A distanza di oltre un mese dalla sua approvazione è stata pubblicata la legge che introduce nell’ordinamento giuslavoristico italiano lo smart working (o lavoro agile) inteso quale modalità di esecuzione del rapporto di lavoro subordinato stabilita mediante accordo tra le parti e senza precisi vincoli di orario o di luogo di lavoro; la prestazione lavorativa viene eseguita in parte all’interno di locali aziendali e in parte all’esterno senza una postazione fissa, entro i soli limiti di durata massima dell’orario di lavoro giornaliero e settimanale, derivanti dalla legge e dalla contrattazione collettiva. Il lavoro agile, previsto nell’ambito della legge che rafforza le tutele per lavoratori autonomi e professionisti, è volto, da un lato, a favorire la conciliazione dei tempi di vita e di lavoro e, dall’altro lato, a consentire ai datori di lavoro una maggiore flessibilità rispetto al telelavoro che, come è noto, si svolge invece presso una postazione fissa posta al di fuori dell’azienda. In realtà la disciplina finale dello smart working non sembra mantenere le promesse in quanto non mancano vincoli, appesantimenti procedurali e rigidità, prima tra tutte la parità di trattamento retributivo e normativo del lavoratore agile rispetto al lavoratore che svolge le medesime mansioni esclusivamente presso l’azienda. Appare inoltre contraddittoria la definizione del lavoro agile come prestazione resa senza precisi vincoli di orario, che fa quindi presumere l’assoluta libertà del lavoratore di organizzarsi come meglio crede, con l’imposizione del rispetto dei limiti di orario giornaliero e settimanale.

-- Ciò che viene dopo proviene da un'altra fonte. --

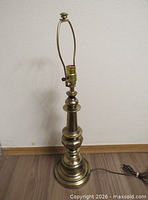 Full view of brass lamp base with harp, finial and cord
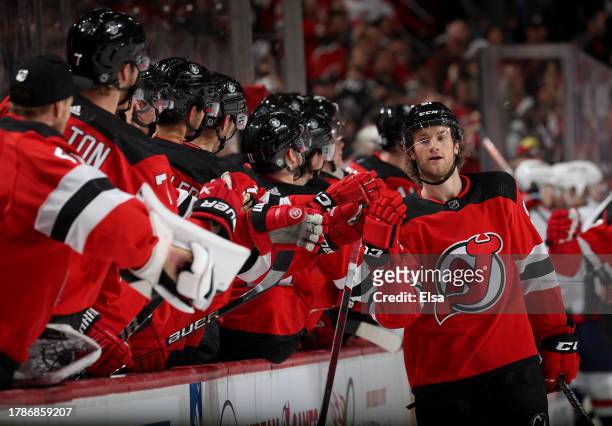 Dawson Mercer of the New Jersey Devils is congratulated by teammates on the bench after he scored during the third period against the Washington...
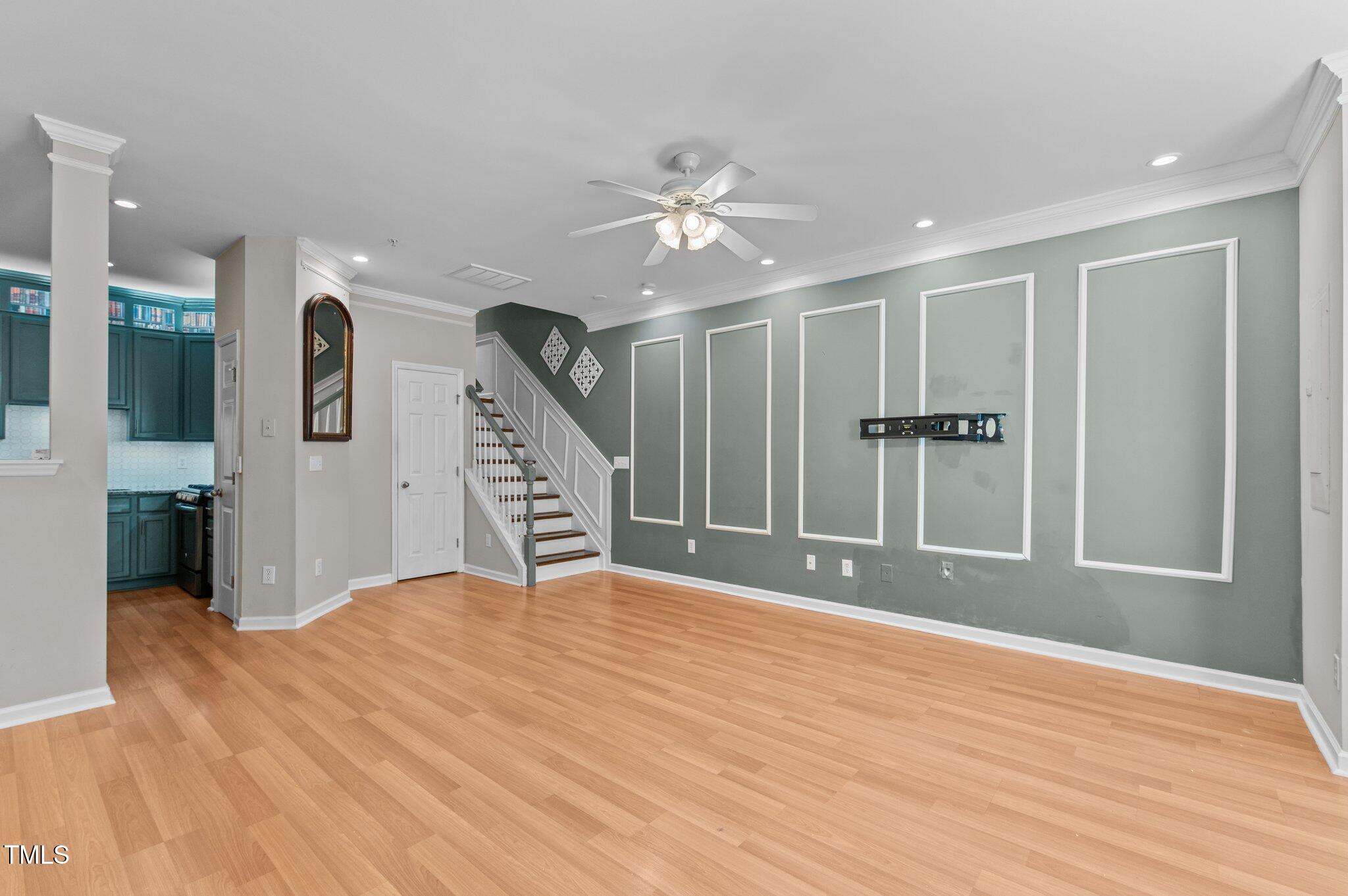 2210 Raven Road, Unit 105 Raleigh, NC 27614 - Photo 3 of 26 a view of empty room with wooden floor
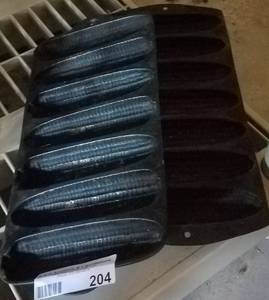 lot 204 image: VINTAGE CAST IRON CORN BREAD PANS (BIDDING BY THE PIECE)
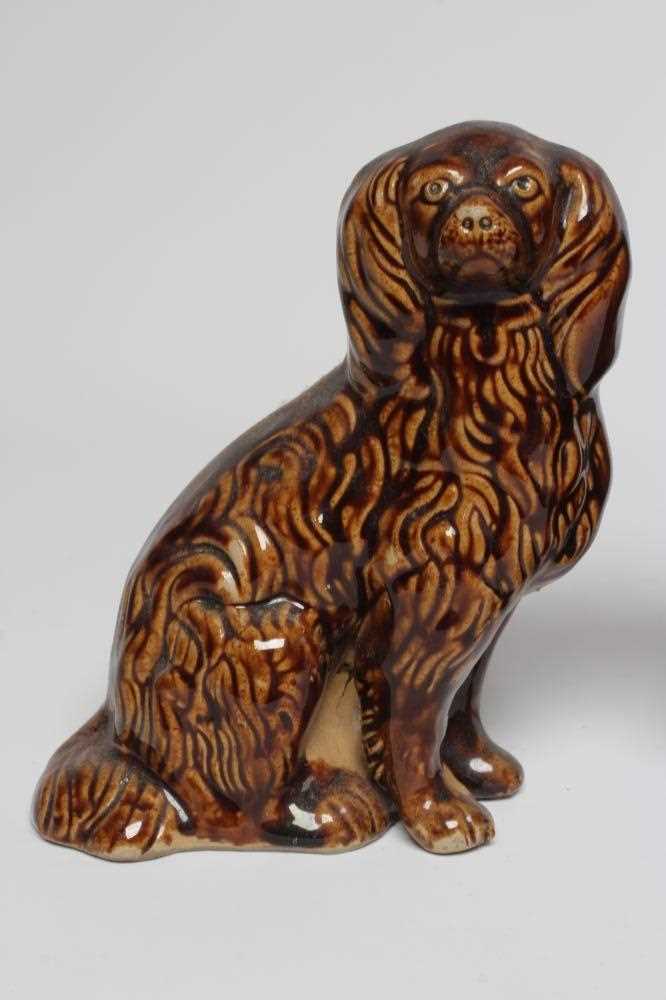 A PAIR OF EARLY VICTORIAN TREACLE GLAZED HEAVY STONEWARE SPANIELS modelled with a free standing fore - Image 2 of 4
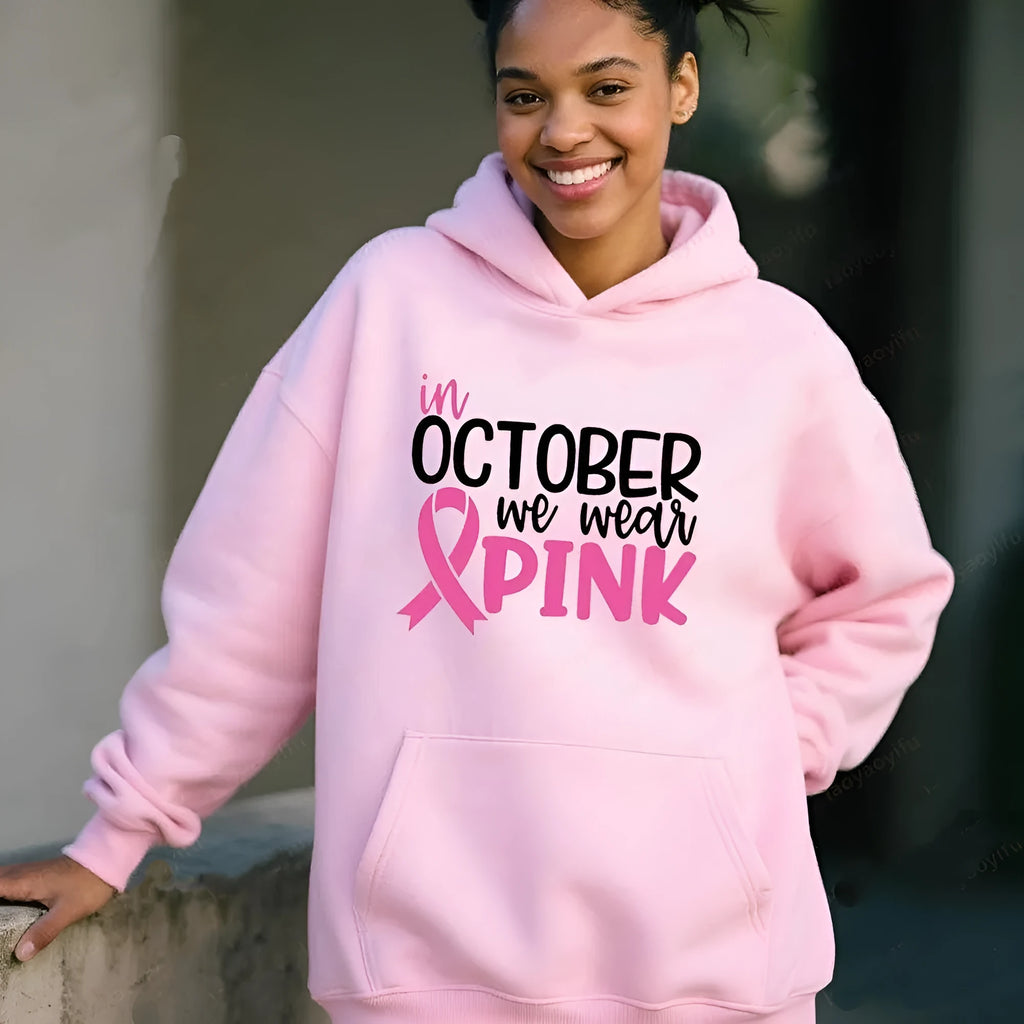 Women's pink graphic sweatshirt hoodie with 'I'm A Survivor' slogan and art retro pattern print.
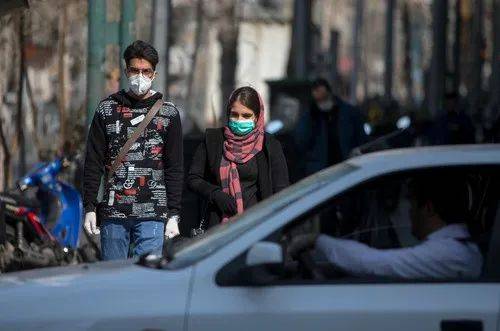 2月23日，在伊朗首都德黑兰，市民戴着口罩出行。新华社发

Questi gli altri aspetti dello smart working:
il lavoro agile deve risultare da accordo scritto tra azienda e lavoratore nel quale siano in particolare precisate le forme di esercizio del potere direttivo del datore di lavoro, gli strumenti utilizzati dal lavoratore e le misure tecniche e organizzative necessarie per assicurare la disconnessione del lavoratore dalle strumentazioni tecnologiche di lavoro; l’accordo deve inoltre disciplinare l’esercizio del potere di controllo del datore di lavoro e i comportamenti del lavoratore all’esterno dei locali aziendali che potrebbero dare luogo all’applicazione di sanzioni disciplinari; come appare evidente si tratta di tutti elementi complessi da individuare e di non agevole declinazione pratica;
l’accordo può essere a termine o a tempo indeterminato; in quest’ultimo caso il recesso di ciascuna delle parti può avvenire con un preavviso non inferiore a 30 giorni;
il datore di lavoro deve garantire la sicurezza del lavoratore e a tal fine deve consegnare a lui e al rappresentante aziendale per la sicurezza, con cadenza almeno annuale, un’informativa scritta sui rischi connessi al particolare svolgimento della prestazione lavorativa; anche in questo caso viene previsto un ingiustificato onere burocratico a carico delle aziende che oltre tutto sembrerebbe accollare alle stesse una responsabilità non solo per le attrezzature tecnologiche fornite al lavoratore, ma anche per i fattori di rischio presenti nei luoghi in cui il lavoratore abbia liberamente scelto di svolgere la prestazione;
il lavoratore ha diritto all’assicurazione INAIL contro gli infortuni sul lavoro ivi compresi quelli occorsi durante il normale percorso di andata e ritorno dal luogo di abitazione a quello prescelto per lo svolgimento della prestazione lavorativa all’esterno dei locali aziendali; secondo tale formulazione il rischio coperto dall’INAIL sembrerebbe esteso a qualsiasi infortunio in itinere accaduto al lavoratore verso il luogo liberamente scelto per lavorare, con conseguente aggravio del contributo assicurativo a carico del datore di lavoro.